Marketing and Finance: From Adversaries to Allies

Posted on by Chief Marketer Staff

Global competition, commoditization, market fragmentation, and the Sarbanes Oxley Act have all converged to create an environment requiring companies to create better processes, address controls, and assess risk. In addition, zero-based budgeting has become the norm. This convergence marks a new age for marketing in the 21st century; The Age of Accountability.

This new age forces marketers to change focus from awareness and image to business outcomes such as increasing revenue, customer acquisition and value, cash flow and shareholder value. Marketers are sitting squarely inside the trigger hairs of the finance organization. In order to dodge the bullet, they need new skills, tools and perspective and finance’s help.

While marketing and finance have tended to have an adversarial relationship, with some work it’s possible to transform finance into an ally, and turn marketing into a performance-driven unit at the same time.

Talk the Language of Business: Cash Flow
To change the relationship, marketing needs to understand the finance mindset. Basically, finance people are risk averse. They need marketing to show them why what it wants to do is the right thing to do — not by saying it’s strategic, but by being able to communicate how much money will come back, and when.

Finance is focused on revenue, expenses, profit and shareholder value. For most companies, the old adage “cash is king,” still reigns. It’s not that financial people aren’t interested in the brand, it’s that they want the ability to link brand image and loyalty to cash flow. It isn’t a coincidence that there is a strong correlation between cash flow and marketing’s responsibilities.

Marketing is responsible for helping the organization acquire and keep profitable customers and therefore relate its functions directly to cash flow. The more marketing’s initiatives address customer lifetime value, improve the rate of product adoption, reduce customer churn and lower acquisition costs, the better the company’s cash flow.
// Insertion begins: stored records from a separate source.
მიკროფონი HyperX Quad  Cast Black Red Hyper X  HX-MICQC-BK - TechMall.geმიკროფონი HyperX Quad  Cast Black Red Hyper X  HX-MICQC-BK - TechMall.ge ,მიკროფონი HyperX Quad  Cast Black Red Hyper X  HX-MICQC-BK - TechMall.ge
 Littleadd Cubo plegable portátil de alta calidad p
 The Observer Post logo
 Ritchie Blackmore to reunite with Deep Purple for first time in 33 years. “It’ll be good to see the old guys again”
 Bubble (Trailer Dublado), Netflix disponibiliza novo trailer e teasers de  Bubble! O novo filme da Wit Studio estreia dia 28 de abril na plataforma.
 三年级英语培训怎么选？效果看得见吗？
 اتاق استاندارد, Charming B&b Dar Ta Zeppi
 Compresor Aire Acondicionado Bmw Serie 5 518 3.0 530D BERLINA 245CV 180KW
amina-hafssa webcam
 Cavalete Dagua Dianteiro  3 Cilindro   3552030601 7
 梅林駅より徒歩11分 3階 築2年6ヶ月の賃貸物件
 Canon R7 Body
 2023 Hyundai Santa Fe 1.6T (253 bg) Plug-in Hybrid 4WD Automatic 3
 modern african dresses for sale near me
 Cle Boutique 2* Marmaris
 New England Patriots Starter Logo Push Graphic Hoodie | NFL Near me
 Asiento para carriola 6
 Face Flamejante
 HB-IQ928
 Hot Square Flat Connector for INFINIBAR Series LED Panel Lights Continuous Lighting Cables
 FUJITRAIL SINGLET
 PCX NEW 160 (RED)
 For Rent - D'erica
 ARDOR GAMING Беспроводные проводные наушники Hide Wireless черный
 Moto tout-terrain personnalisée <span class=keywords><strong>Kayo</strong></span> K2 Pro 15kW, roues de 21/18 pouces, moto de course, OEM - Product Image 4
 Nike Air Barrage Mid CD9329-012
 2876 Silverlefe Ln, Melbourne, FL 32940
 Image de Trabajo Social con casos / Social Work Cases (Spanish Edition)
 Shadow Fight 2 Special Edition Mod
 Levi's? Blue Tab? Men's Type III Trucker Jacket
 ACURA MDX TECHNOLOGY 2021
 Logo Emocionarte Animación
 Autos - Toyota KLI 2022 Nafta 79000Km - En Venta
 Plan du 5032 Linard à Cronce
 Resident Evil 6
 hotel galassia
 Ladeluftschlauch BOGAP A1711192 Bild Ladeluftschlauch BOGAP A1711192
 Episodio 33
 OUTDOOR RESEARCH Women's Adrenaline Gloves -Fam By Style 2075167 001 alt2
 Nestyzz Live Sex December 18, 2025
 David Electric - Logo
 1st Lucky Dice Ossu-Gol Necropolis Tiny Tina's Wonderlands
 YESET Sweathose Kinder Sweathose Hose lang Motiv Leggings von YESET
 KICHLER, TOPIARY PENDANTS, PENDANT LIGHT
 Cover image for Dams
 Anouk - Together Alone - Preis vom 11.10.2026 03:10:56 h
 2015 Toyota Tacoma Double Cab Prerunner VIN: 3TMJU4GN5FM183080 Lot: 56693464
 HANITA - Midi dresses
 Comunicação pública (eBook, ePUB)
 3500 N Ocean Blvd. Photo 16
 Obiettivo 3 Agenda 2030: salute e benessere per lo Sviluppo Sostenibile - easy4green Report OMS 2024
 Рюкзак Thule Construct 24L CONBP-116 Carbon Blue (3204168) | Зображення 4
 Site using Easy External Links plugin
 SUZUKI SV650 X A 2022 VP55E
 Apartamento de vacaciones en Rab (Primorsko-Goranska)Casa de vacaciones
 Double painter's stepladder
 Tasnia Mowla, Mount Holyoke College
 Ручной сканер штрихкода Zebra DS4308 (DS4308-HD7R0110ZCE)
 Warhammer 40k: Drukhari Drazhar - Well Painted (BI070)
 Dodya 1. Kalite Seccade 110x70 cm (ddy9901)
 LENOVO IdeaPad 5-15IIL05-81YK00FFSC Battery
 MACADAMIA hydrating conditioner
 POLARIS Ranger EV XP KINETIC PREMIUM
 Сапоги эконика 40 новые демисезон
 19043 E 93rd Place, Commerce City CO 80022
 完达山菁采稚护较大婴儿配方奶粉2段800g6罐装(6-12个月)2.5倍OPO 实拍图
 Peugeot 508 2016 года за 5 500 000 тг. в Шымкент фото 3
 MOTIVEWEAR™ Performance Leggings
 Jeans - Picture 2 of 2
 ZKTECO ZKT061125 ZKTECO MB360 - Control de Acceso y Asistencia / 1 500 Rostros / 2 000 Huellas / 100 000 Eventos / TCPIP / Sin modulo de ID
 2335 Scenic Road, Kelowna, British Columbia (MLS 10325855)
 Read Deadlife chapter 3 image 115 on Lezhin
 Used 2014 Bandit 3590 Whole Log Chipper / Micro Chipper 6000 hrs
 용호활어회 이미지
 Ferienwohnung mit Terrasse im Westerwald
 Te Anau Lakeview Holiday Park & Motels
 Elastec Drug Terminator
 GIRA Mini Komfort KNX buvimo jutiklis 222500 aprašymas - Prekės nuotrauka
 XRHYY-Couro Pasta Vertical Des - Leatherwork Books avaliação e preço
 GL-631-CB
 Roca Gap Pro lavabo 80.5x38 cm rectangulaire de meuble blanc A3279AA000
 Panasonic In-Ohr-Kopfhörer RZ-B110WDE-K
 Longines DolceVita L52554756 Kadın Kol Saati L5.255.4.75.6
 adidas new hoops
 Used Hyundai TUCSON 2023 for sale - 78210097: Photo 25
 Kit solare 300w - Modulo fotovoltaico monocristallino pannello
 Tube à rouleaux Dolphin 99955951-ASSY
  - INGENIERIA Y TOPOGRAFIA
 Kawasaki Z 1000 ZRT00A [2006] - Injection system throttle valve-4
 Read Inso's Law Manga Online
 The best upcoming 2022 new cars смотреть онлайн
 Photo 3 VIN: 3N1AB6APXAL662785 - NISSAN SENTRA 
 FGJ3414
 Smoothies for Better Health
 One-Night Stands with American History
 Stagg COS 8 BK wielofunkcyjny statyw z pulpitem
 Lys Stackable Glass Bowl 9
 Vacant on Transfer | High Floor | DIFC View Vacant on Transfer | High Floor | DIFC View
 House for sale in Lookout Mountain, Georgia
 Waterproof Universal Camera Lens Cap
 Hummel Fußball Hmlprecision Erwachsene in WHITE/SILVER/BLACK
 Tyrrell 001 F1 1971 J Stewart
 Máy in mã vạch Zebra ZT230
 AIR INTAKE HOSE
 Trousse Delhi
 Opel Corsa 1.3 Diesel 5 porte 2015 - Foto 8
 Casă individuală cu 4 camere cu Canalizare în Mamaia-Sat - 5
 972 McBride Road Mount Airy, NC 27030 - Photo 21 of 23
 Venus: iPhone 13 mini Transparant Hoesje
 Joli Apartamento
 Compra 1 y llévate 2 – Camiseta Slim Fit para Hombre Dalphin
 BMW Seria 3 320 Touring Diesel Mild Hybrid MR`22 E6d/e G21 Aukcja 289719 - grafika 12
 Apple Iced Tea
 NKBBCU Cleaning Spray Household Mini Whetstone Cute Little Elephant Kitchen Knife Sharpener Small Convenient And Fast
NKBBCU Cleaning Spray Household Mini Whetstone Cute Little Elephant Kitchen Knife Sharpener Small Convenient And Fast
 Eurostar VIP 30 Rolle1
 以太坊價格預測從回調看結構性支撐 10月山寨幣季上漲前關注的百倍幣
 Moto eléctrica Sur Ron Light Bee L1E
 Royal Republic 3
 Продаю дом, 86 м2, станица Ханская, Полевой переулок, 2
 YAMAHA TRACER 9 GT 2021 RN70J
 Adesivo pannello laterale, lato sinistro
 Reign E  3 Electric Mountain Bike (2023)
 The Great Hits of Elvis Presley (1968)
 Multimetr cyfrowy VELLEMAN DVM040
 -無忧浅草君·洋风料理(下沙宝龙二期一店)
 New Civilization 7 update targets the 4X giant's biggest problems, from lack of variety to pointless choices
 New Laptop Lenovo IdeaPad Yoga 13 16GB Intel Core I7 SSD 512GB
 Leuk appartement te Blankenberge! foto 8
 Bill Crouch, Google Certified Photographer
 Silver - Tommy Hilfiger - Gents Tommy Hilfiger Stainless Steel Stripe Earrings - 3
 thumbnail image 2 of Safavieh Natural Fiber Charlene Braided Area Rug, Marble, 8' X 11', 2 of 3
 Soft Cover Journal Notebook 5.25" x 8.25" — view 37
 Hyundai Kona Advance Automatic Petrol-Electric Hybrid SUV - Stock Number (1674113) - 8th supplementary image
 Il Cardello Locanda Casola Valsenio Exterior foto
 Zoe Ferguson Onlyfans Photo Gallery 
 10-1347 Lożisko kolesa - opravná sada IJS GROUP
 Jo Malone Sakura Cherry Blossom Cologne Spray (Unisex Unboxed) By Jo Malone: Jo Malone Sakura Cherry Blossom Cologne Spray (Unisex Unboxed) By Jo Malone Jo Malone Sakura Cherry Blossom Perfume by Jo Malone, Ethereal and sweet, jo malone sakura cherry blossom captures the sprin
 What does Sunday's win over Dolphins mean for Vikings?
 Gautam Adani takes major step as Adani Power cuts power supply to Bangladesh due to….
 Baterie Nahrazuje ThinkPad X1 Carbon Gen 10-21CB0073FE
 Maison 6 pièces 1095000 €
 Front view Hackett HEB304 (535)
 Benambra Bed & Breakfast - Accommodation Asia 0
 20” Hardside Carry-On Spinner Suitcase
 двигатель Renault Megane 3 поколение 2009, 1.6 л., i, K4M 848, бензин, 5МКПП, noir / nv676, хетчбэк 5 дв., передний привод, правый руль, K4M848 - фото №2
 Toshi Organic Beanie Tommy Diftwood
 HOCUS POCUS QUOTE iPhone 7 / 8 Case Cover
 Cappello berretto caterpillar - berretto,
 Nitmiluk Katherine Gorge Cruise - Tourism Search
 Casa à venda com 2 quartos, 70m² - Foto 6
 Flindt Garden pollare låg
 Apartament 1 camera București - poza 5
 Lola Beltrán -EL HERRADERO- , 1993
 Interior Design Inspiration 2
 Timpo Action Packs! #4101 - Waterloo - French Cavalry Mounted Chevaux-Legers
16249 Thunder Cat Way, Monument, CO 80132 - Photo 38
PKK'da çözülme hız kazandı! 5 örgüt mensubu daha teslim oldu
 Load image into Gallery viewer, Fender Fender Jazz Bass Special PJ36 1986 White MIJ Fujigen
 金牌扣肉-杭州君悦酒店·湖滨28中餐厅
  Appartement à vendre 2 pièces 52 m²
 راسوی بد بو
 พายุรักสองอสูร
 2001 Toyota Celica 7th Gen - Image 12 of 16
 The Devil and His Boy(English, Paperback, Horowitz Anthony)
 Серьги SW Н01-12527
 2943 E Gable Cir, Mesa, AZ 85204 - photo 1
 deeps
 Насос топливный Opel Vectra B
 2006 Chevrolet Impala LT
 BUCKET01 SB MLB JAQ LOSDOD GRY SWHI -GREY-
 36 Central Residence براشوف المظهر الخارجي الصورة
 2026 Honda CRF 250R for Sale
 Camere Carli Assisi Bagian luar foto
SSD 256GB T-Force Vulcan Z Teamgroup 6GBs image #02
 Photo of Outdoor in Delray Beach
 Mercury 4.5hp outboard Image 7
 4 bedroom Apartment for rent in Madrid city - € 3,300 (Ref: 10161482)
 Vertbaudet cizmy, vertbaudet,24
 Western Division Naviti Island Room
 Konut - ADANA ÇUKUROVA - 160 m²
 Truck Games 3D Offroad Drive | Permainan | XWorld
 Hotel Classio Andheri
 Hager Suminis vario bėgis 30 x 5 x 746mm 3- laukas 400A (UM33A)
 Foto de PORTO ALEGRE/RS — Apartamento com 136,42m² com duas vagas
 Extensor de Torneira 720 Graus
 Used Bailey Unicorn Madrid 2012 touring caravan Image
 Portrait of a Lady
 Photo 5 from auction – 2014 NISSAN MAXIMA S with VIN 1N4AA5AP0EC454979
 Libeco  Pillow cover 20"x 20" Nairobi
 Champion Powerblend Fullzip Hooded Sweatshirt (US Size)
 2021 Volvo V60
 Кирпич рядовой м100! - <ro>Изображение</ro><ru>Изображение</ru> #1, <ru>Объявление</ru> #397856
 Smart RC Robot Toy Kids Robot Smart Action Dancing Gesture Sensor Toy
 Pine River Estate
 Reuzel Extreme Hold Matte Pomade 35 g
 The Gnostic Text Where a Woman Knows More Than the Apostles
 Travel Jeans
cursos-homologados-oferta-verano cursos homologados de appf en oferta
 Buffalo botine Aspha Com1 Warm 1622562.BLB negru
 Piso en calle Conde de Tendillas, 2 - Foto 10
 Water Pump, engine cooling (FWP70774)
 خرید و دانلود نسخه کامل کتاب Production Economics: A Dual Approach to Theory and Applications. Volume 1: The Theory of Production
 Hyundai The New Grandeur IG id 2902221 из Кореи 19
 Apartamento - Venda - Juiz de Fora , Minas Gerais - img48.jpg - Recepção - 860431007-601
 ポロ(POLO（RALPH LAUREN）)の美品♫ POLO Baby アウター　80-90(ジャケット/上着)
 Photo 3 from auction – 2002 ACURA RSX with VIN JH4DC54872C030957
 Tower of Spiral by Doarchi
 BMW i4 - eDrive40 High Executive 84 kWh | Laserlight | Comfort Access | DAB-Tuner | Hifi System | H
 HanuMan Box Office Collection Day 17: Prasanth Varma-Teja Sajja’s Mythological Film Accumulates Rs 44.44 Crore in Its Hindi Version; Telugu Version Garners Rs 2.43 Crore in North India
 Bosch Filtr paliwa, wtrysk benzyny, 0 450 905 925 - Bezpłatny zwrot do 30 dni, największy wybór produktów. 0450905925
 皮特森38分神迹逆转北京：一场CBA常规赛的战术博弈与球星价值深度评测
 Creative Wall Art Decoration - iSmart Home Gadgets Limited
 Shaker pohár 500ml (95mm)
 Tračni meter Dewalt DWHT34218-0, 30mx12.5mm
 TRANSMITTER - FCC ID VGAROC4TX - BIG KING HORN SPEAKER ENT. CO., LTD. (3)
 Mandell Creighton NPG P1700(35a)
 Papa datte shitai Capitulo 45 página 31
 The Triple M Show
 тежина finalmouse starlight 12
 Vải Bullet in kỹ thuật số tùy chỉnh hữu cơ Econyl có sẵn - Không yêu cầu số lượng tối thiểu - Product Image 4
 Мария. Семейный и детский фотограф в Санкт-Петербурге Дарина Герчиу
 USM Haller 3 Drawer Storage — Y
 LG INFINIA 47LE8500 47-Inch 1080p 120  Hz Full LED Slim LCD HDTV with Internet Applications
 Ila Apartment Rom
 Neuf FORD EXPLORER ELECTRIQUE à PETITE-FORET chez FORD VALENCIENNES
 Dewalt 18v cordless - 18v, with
When marketing talks in these terms, it is talking in the language of business and the language of the CFO. If marketing understands the CFOs expectations and learns to speak their language, it will be well on its way to creating an ally. If marketers don’t understand the CFOs language, it’s time to learn.

There are four key concepts important to most CFOs. We’ve already talked about cash. The other three are: EPS (earnings per share), Net Contribution, and Payback (the time frame for when the investment pays off).

When the leadership team asks about marketing ROI, it is really asking about payback. Leaders want to understand how and when the investment marketing is making on behalf of the company will pay off. It’s not that they don’t want to give marketing the money; it’s that they want to be able to analyze the tradeoffs between one investment and another. The company has only so many resources and therefore can only make only so many investments.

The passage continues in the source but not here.